Also I have a couple of friends who have done it for a while.

------
bwb
My biz partner and I lived it for about 2.5 years. We finally sold the network
we had built up for 7 figures and ended up buying a company with 25 people, so
the opposite of 4 hours :)

------
tmaly
I wish I had read it sooner, but I have made small adjustments to my day job
to improve things.

For those that cannot work remotely, you can still improve your productivity.
I have a DND button on my phone that goes right to voicemail after one ring. I
funnel everyone into creating a Jira task instead of trying to email, call, or
ask in person for some work.

I document commonly asked questions like his FAQ in Confluence so I can point
all new hires in other departments to this introduction training material.

------
FrostAlot
Not exactly a '4-hour work week' but after reading the book, I have put in a
lot of effort into automating a lot of daily recurring browsing activity for
which I used to waste time daily. Since I prefer email as the main mode of
communication, I have developed automation to extract and send all the
important information (for which I used to browse) to me via email daily or
hourly. Activities like tech news updates with word cloud, real estate
searches, stock prices of interested stocks and many more. This saves me a ton
of time by not randomly starting to browse.
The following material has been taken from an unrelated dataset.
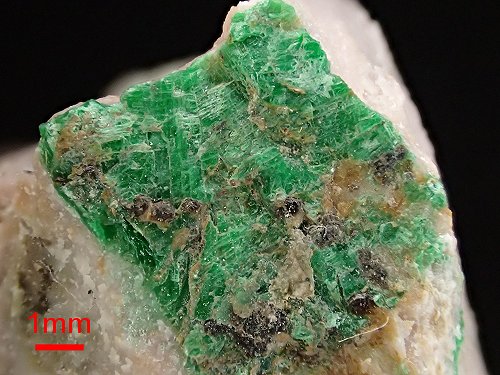 かだいおうち Advanced Course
I attend to only important emails
from these email updates.

------
miga
4-hour work week no, but I know pretty many people that wait to vest on 4-hour
workdays.

------
_tulpa
I really don't think there are many people at all who are in a position to
make use of the advice in the book, and of those who are I really don't think
there are any who would actually benefit from it.

Gotta milk that survivorship bias though!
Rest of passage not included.